■ Activity ■
Transcribe all the lines below exactly. Omit the pictures.

■ Data below ■
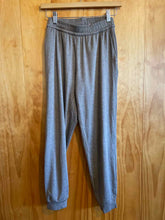 Load image into Gallery viewer, Size XS Patagonia Grey Women's Pants
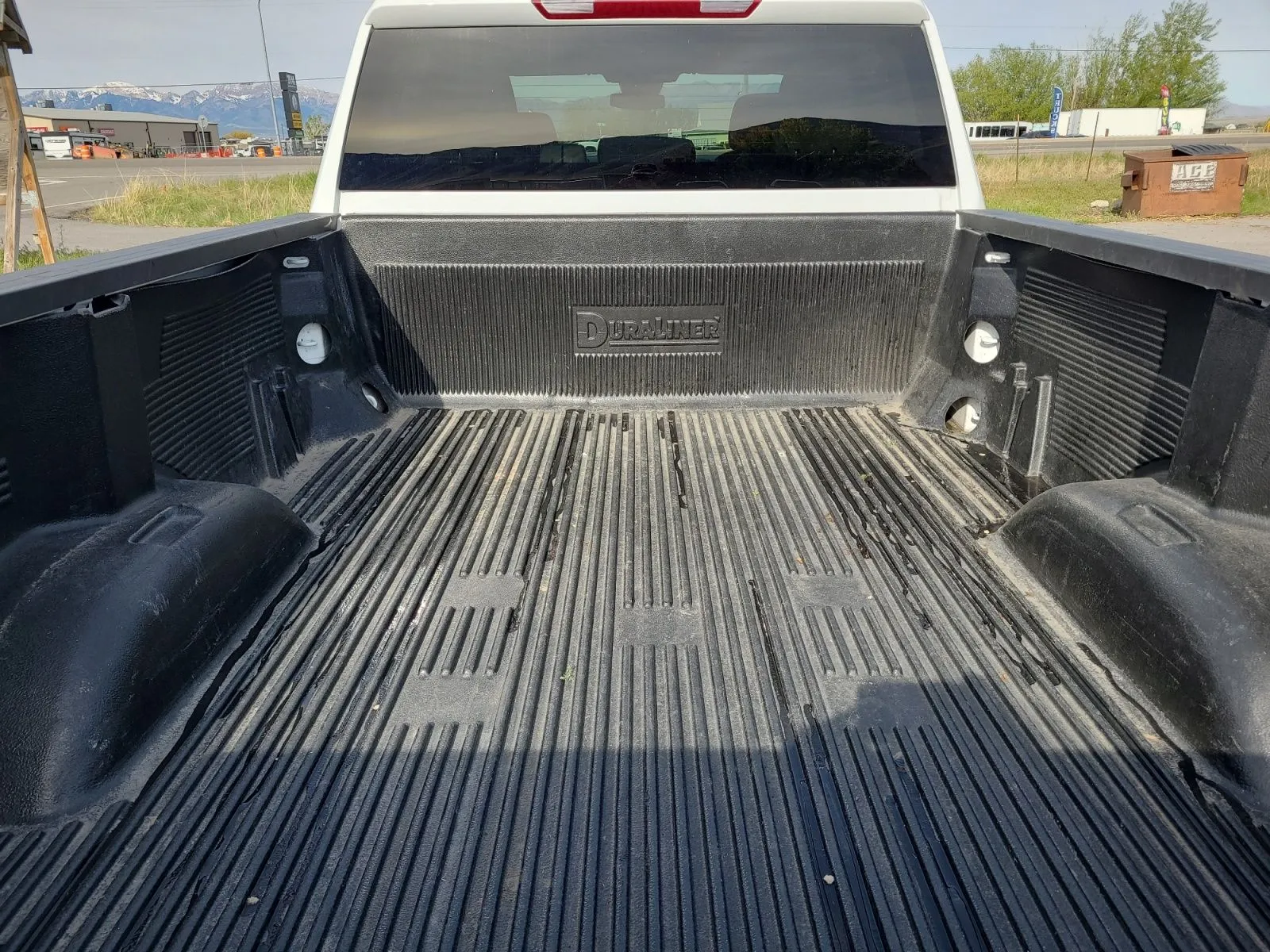 Chevrolet Silverado photo 34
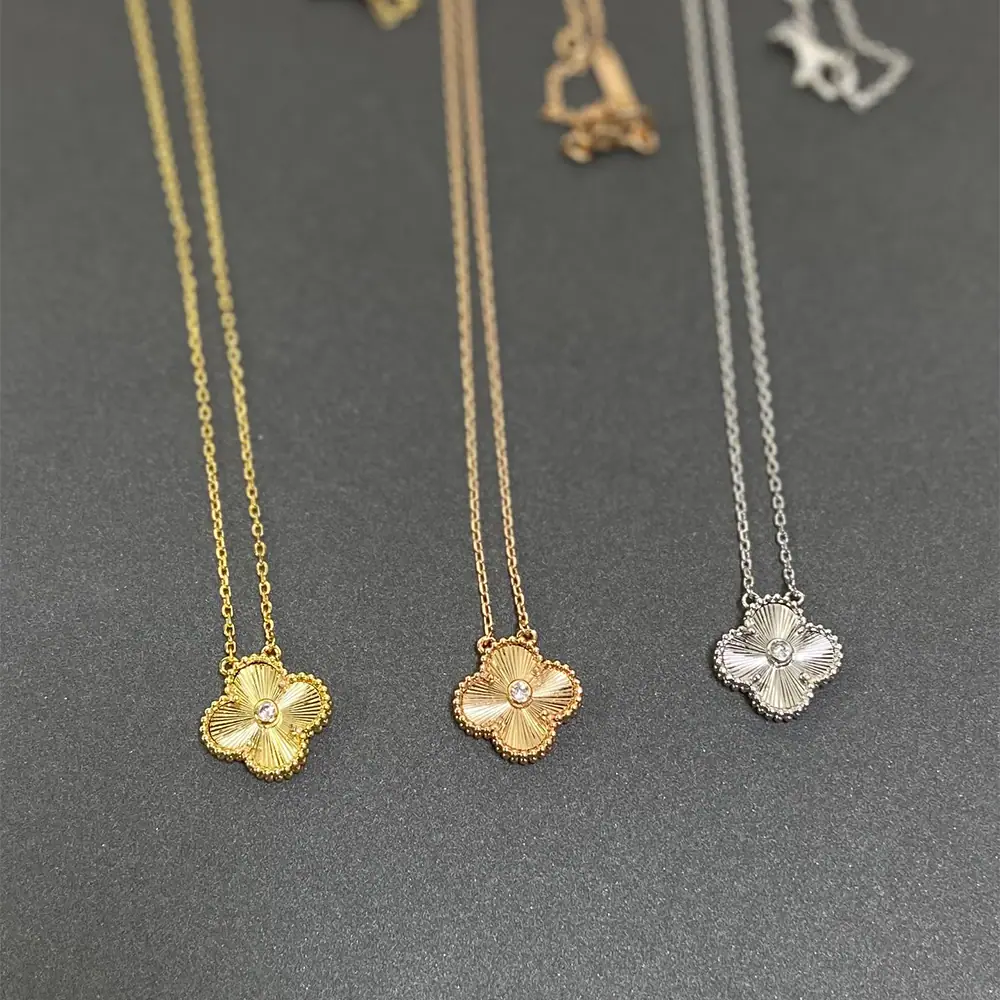 Clover Necklace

■ Task response ■
 Load image into Gallery viewer, Size XS Patagonia Grey Women's Pants
 Chevrolet Silverado photo 34
 Clover Necklace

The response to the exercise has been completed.